Input ::
^^^^^^^^^^^^^^^^
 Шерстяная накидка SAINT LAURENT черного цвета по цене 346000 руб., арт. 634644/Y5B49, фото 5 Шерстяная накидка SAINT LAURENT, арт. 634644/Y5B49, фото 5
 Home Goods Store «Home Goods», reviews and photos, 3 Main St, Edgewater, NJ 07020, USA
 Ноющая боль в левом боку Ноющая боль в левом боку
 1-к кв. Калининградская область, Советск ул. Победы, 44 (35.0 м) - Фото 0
^^^^^^^^^^^^^^^^
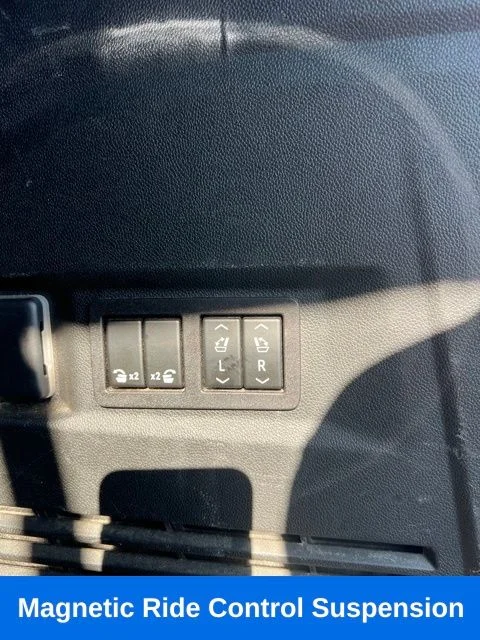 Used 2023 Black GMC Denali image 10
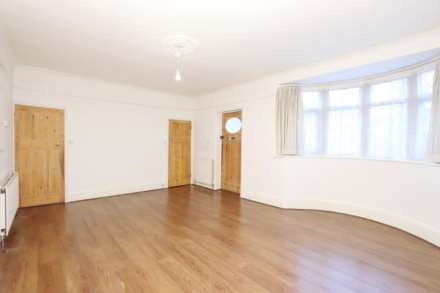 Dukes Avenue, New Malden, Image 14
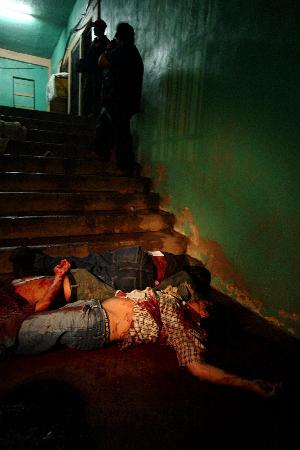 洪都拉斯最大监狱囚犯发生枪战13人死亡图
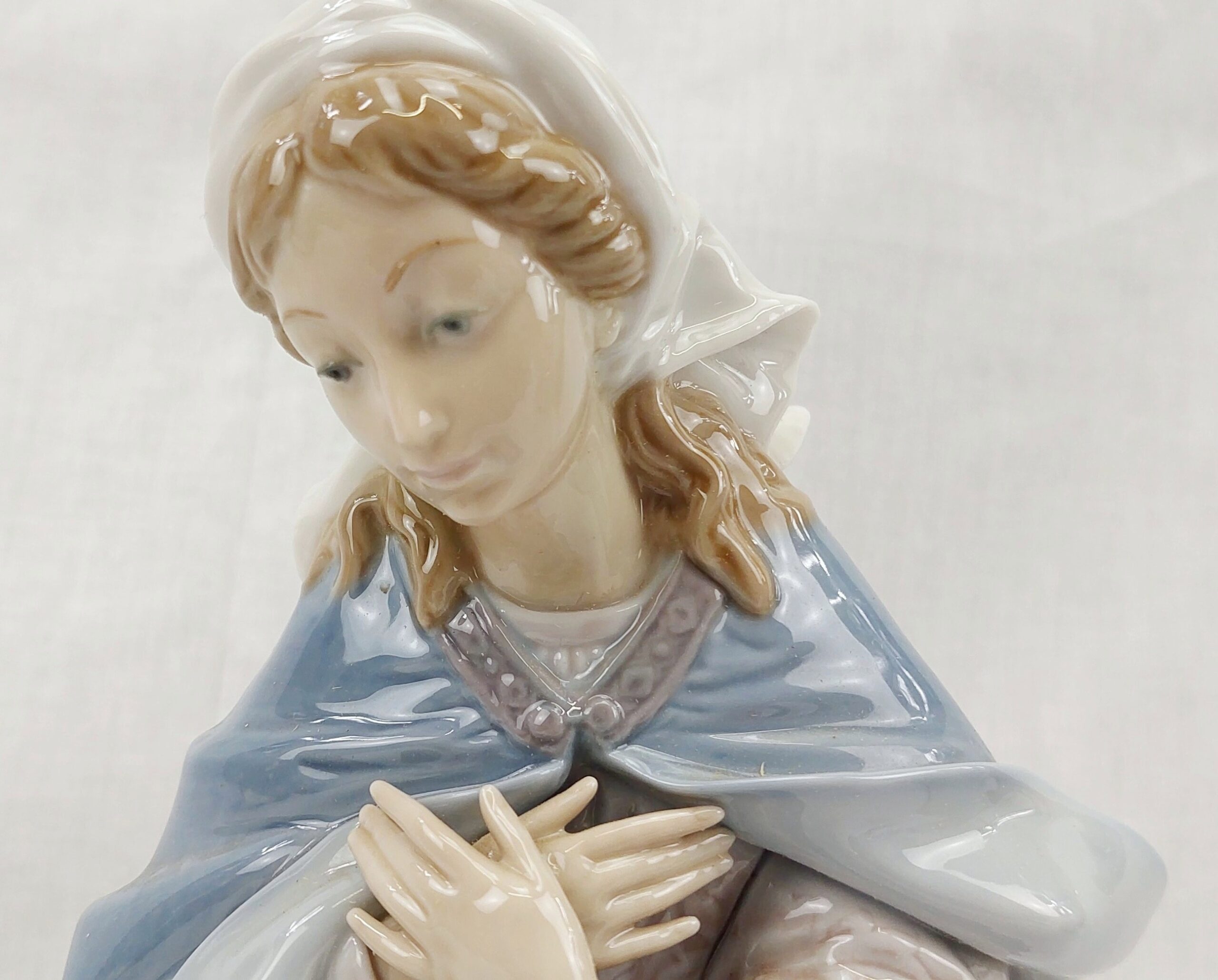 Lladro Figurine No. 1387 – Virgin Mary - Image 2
^^^^^^^^^^^^^^^^
Exercise directions :: Word for word, restate the lines of the data above that fall between the line holding "Home Goods Store" and the line holding "1-к кв. Калининградская", inclusive, and no other lines.

Result ::
 Home Goods Store «Home Goods», reviews and photos, 3 Main St, Edgewater, NJ 07020, USA
 Ноющая боль в левом боку Ноющая боль в левом боку
 1-к кв. Калининградская область, Советск ул. Победы, 44 (35.0 м) - Фото 0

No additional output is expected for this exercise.